A-317491 (compound 7) has nanomolar affinity for blocking both P2X3 and P2X2/3 receptors and is a competitive antagonist [32]. Peripheral and spinal administration of A-317491 attenuates complete Freund’s adjuvant (CFA)-induced inflammatory hyperalgesia [33]. A-317491 has limited CNS penetration following systemic administration. However, systemic administration of high doses or intrathecal administration of this antagonist effectively attenuates tactile allodynia caused by peripheral nerve injury [32, 33]. Consistent with these data, ATP-evoked activation of capsaicin-insensitive spinal P2X2/3 receptors underlies an N-methyl-d-aspartate (NMDA)-dependent long lasting allodynic sensitivity in rodents [34]. Another structurally different and potent P2X2/3 and P2X3 antagonist, RO-4 (compound 4), has been reported to reverse both inflammatory and bone cancer pain in experimental models [35, 36]. Following peripheral administration, RO-4 is effective in nerve injury induced pain models, presumably resulting from its ability to readily cross the blood–brain barrier [36]. Scientists at Merck have also recently disclosed a novel P2X3 antagonist, MK-3901 (compound 20), that effectively attenuates chronic inflammatory and neuropathic pain in experimental models [37]. Interestingly, AZ-2 (compound 19) represents another novel antagonist that has been reported to have greater than 300-fold selectivity for homomeric P2X3 receptors over heteromeric P2X2/3 receptors [38]. AZ-2 effectively reversed CFA-induced mechanical allodynia following systemic and intraplantar dosing but was ineffective when dosed intrathecally [38]. These data indicate that peripheral homomeric P2X3 receptors may play a key role in inflammatory pain. Taking all the available data into account, it appears that the heteromeric P2X2/3 receptor at key synapses in the spinal cord are essential for the modulation of nociceptive input from the periphery.

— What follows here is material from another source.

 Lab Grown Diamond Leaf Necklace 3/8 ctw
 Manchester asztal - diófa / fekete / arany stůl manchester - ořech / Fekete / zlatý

Figure 4 shows the BEI/MPO analysis for existing P2X3 receptor antagonists. Early P2X3 antagonists including compounds 1–6 in Table 3 (colored red in Fig. 4) are high molecular weight antagonists with multiple phosphonate and sulfonate groups, and as expected, do not fit well into lead-like chemical space. A-317491(compound 7) was the first selective small molecule compound for P2X3 and P2X2/3. Subsequently, other potent P2X3 antagonists were reported including RO-3 (compound 9), and RO-4 (compound 10) that are at least 100-fold less active across a wide range of kinases, receptors, and ion channels [35, 36, 39]. These compounds have improved drug-like properties relative to earlier P2X3 antagonists (e.g., compounds 1–6) (Fig. 4). Comparing potent and selective P2X3 receptor antagonists, RO-3 and RO-4 have significantly improved BEI and MPO scores that correlate with enhanced oral bioavailability, lower plasma protein binding, and good CNS penetration relative to A-317491 [35, 36].

Fig. 4.

Analysis of P2X3 antagonist efficiency and physical chemical properties. Early identified antagonists lacked acceptable lead-like characteristics and are associated with low oral bioavailability and generally poor drug-like properties. In contrast, recently disclosed P2X3 antagonists have improved physicochemical properties that are consistent with orally bioavailable leads and drugs. These compounds demonstrate the significant improvement in the quality of P2X3 antagonist chemical matter over time. The newer compounds have helped to solidify the preclinical validation of the role of P2X3 in pain (see text), as well as demonstrate the feasibility of successfully advancing lead molecules into clinical trials

More recently, other potent P2X3 antagonists that are much more drug like have been disclosed (colored green in Fig. 4). Many of these newer molecules fit into lead-like space. RO-85 (compound 12), a potent and selective P2X3 antagonist with a high MPO score of 4.75, is reported to have high oral bioavailability (%F = 89) in rats [36]. MK-3901 has an MPO score of 3.8 and has good (%F = 60) oral bioavailabilty [37]. Another potent P2X3 antagonist, AF-219 (structure undisclosed), is reported to have advanced into clinical studies [39].

P2X4 receptors

A role for P2X4 receptors in the pathophysiology of chronic pain has largely been delineated based on receptor expression and genetic disruption studies. Within the CNS, cell surface expression of P2X4 receptors on microglial cells follows trauma or exposure to pro-inflammatory agents (e.g., bacterial lipopolysaccharides) [40]. This increased expression appears to be specific since P2X4 receptor protein expression is not increased in neurons or astrocytes following trauma or injury [27, 41]. Several intracellular signaling pathways have been implicated in the upregulation of P2X4 receptor expression including the PI3K/AKT pathway [42], and lyn kinase via an associated fibronectin/integrin mechanism [43–49].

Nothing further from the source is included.